Singkat cerita, dua minggu yang lalu saya bertolak ke Jakarta kembali, di mana angan dan perih berembuk di langit kelam selama tiga tahun berkutat di sini. Saya akhirnya kembali bersua dengan salah satu teman sekaligus partner menonton saat kuliah dulu dari Kupang, nun jauh di timur. Tiket pesawat dia lima kali lipat lebih mahal dibanding tiket konsernya, dibanding saya yang tiga kali lipat. Namun sejujurnya hal-hal itu tidak menjadi halangan ketika liburan semakin sulit dicari, kesibukan yang kian membelenggu, dan sahabat lama yang berusaha meluangkan waktu dan tenaga untuk kita. Semuanya bisa disempatkan, jika memang prioritas.
Hari itu adalah hari ketiga festival, dan TTATW tampil di District Stage selepas magrib. Tanpa dinyana TTATW memulai helatan dengan “Berlin”, nomor andalan di Rasuk. Saya tak menyangka sama sekali bila TTATW akan menggeber seluruh setlist dengan album Rasuk sepenuhnya saat itu. Perihal tersebut, Remedy di saat tuning gitar bilang bahwa gigs kali ini merupakan perayaan untuk perilisan album Rasuk satu dekade lampau. Sebelum Remedy menyelesaikan kata-katanya, riuh tepuk tangan penonton membahana di udara. Lalu dilanjut “Honeymoon on Ice”, “Our Roots”, “Malino”, “Derau dan Kesalahan” dan ditutup dengan “Kata”, menjadi penutup laiknya di album Rasuk .

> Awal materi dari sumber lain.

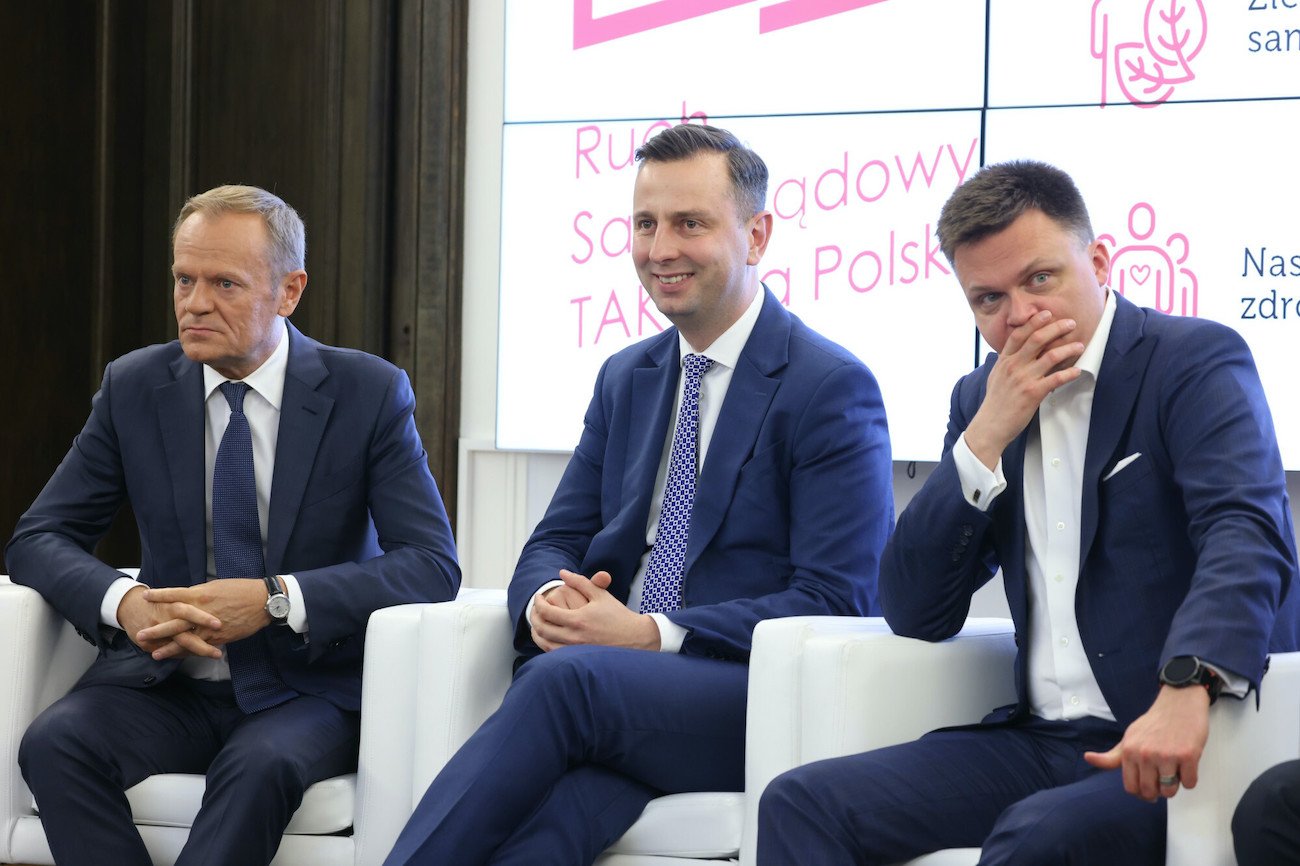 Przywódcy partii demokratycznej opozycji: Donald Tusk, Władysław Kosiniak–Kamysz i Szymon Hołownia.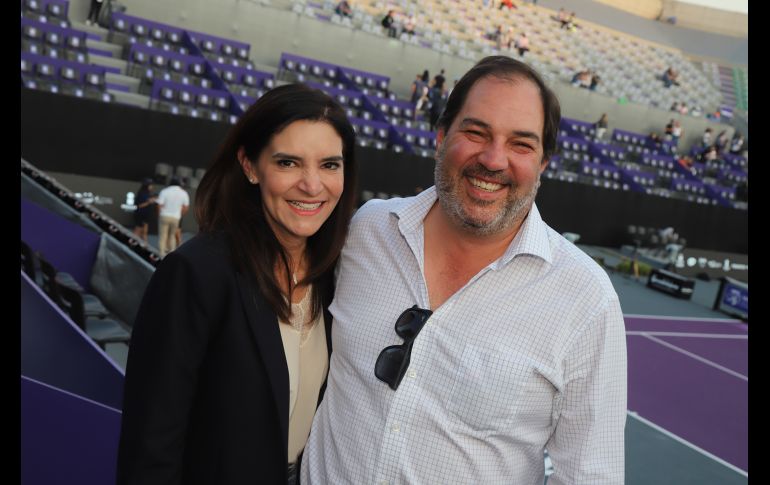 Estela Calzada y Miguel Madero. GENTE BIEN JALISCO/CLAUDIO JIMENO
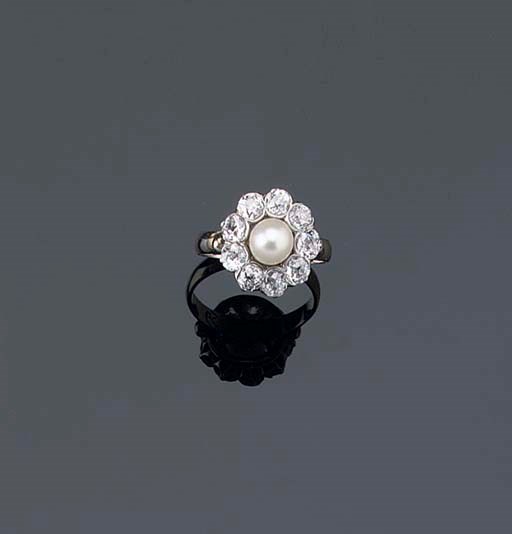 AN ANTIQUE PEARL AND DIAMOND RING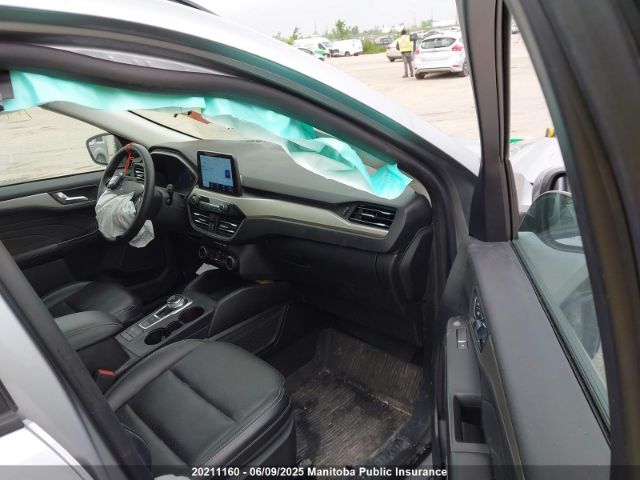 1FMCU9H92NUB03781 Ford Escape Sel 2.0t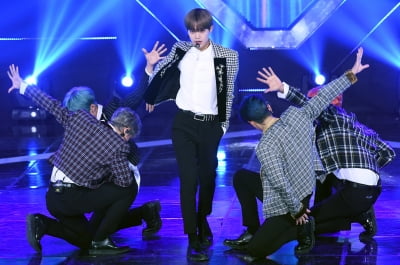 [포토] AB6IX, '소녀팬 마음 흔드는 멋진 모습'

Setelah “Kata”, Remedy dkk pamit undur diri dan kru mulai membereskan alat-alat di panggung. Tiba-tiba, salah satu penonton di sebelah saya berteriak ke arah panggung sambil menunjuk-nunjuk Remedy cs dengan amarah, “Wey! Empati Tamako mana anjing! Gue udah nungguin dari tadi woy!” Saya dan teman saya yang saat itu sama-sama agak kecewa dengan akhir yang antiklimaks karena TTATW tidak memenuhi keinginan penonton untuk membawakan encore selepas set yang pendek hanya tertawa saja menyaksikan hal itu. Memang tuning untuk membawakan Rasuk sangat menguras durasi, Remedy pun mengakui hal itu di tengah penampilan. Alasan lainnya, karena mungkin sebagian penonton masih tidak menyangka mereka bakal membawakan Rasuk tanpa satu pun Zaman, Zaman di dalamnya. Tidak lupa pula ditutup dengan sebuah bait nostalgia,
“Hitung nafas, yang kelak berat..”
Meskipun begitu standar penampilan TTATW yang selalu di atas rata-rata semenjak pertama kali saya menonton di Lebak Bulus dahulu hingga kali ini tetaplah mengagumkan. Dan karena itulah mereka tetap dan akan selamanya menjadi musisi lokal terfavorit saya untuk disaksikan. Peduli setan perihal antiklimaks jika sudah cinta. Esok harinya saya pulang ke Aceh dengan perasaan bahagia yang bercampur aduk. Betapa cintanya saya terhadap TTATW dan pemilihan kosakata di semua liriknya hingga saya mengganti username di salah satu kanal media sosial saya dengan lagu favorit saya di Zaman, Zaman yang diambil dari nama tokoh fiktif di novel karangan Multatuli. ”Kau kan sakit dan pergi, tanpa waktu yang pasti. Selamanya. Selamanya.”, sebuah penutup yang terindah yang pernah diciptakan untuk sebuah album garansi klasik yang bahkan tidak tersedia di layanan streaming manapun. Panjang umur perjalanan, TTATW. Tertanda, Saija.